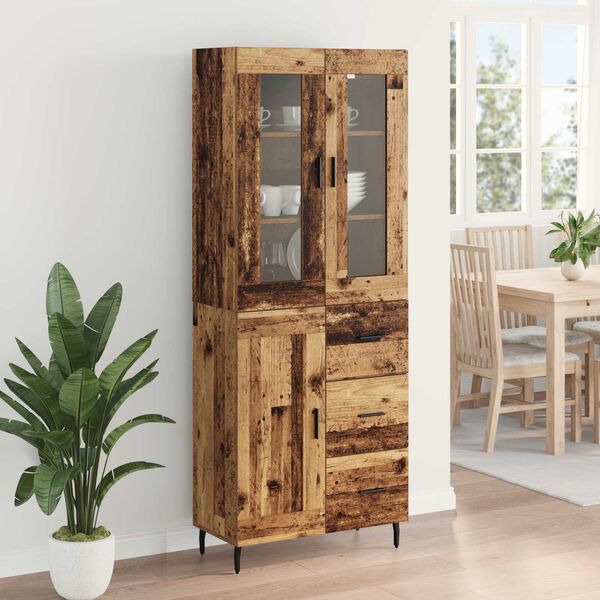 vidaXL Hoge kast met lade 2 pcs Oud Hout Bewerkt hout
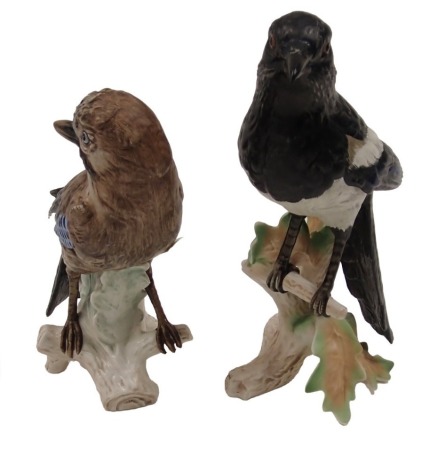 A Goebel ceramic figure of a jay, 22cm high, and a similar magpie.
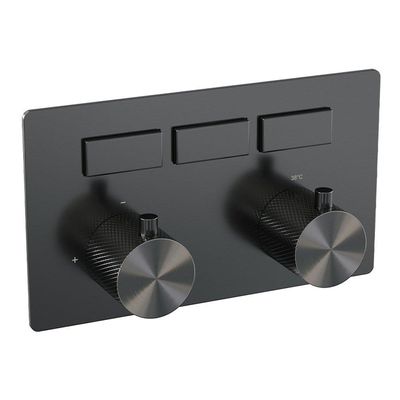 BRAUER gunmetal Carving - 3 functies - inbouwthermostaat - drukknoppen - in/afbouwdelen - gunmetal geborsteld PVD 5-GM-158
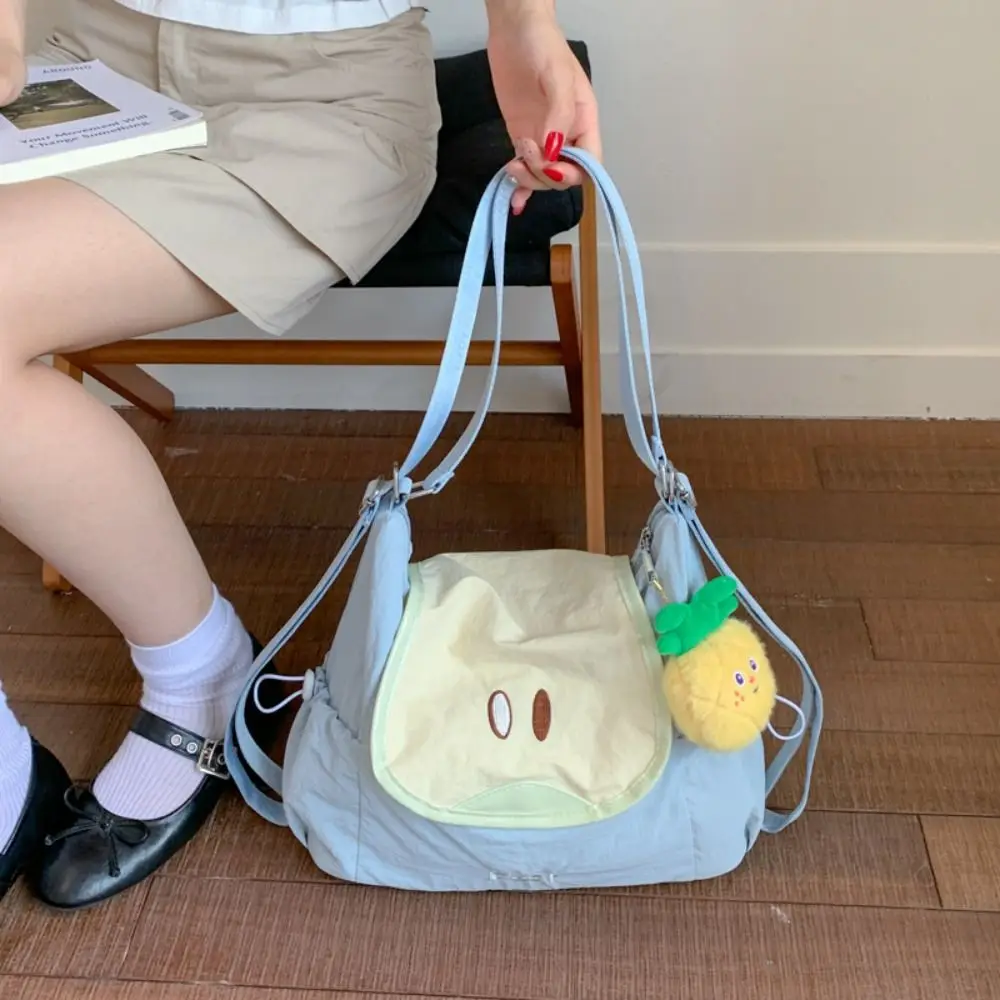 

Повседневный нейлоновый рюкзак цвета дофамина с фруктами, креативная тканевая сумка-мессенджер в корейском стиле, большая вместительная сумка для книг, дорожная сумка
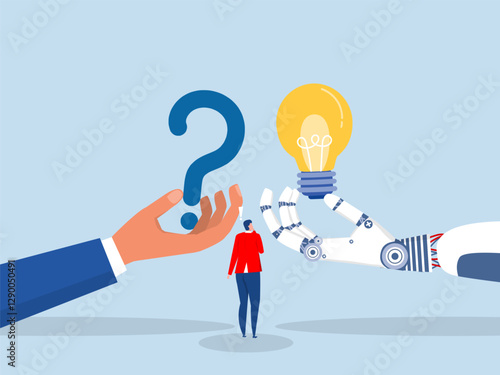 Artificial intelligence AI  to help concept, human hand with question mark and AI answer.technology AI to help solve problem vector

HOW TO COMPLETE THIS TASK: Once the line containing "A Goebel ceramic" is located, write out exactly that line and each one after it to the end of the records above, excluding pictures and nothing else.

RESPONSE:
 A Goebel ceramic figure of a jay, 22cm high, and a similar magpie.
 BRAUER gunmetal Carving - 3 functies - inbouwthermostaat - drukknoppen - in/afbouwdelen - gunmetal geborsteld PVD 5-GM-158

Повседневный нейлоновый рюкзак цвета дофамина с фруктами, креативная тканевая сумка-мессенджер в корейском стиле, большая вместительная сумка для книг, дорожная сумка
 Artificial intelligence AI  to help concept, human hand with question mark and AI answer.technology AI to help solve problem vector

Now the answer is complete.